[Brief] Only the number is wanted: how many lines of the data contain "Torrevieja"?

=== Data ===

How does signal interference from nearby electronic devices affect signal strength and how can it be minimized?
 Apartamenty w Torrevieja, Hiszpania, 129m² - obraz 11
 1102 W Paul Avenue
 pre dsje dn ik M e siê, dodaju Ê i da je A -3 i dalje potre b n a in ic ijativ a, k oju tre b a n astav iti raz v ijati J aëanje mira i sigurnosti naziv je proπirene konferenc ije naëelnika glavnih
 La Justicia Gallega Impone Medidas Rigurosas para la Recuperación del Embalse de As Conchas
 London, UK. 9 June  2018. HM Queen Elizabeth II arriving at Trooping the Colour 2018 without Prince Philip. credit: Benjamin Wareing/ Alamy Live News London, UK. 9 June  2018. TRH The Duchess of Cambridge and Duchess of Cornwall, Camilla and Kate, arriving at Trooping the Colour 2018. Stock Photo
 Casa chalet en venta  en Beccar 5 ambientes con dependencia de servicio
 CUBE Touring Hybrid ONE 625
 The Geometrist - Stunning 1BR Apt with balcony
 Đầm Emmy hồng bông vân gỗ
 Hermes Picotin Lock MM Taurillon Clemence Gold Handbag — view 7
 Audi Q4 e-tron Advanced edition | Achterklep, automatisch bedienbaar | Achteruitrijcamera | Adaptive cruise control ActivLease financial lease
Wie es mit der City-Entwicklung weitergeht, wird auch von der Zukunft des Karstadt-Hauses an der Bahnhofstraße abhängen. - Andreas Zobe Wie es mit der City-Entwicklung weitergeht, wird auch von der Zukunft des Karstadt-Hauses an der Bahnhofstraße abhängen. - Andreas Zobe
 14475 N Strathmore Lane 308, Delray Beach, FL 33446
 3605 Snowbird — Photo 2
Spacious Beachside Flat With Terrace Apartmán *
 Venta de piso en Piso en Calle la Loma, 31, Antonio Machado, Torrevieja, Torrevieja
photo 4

===

[Task answer] 2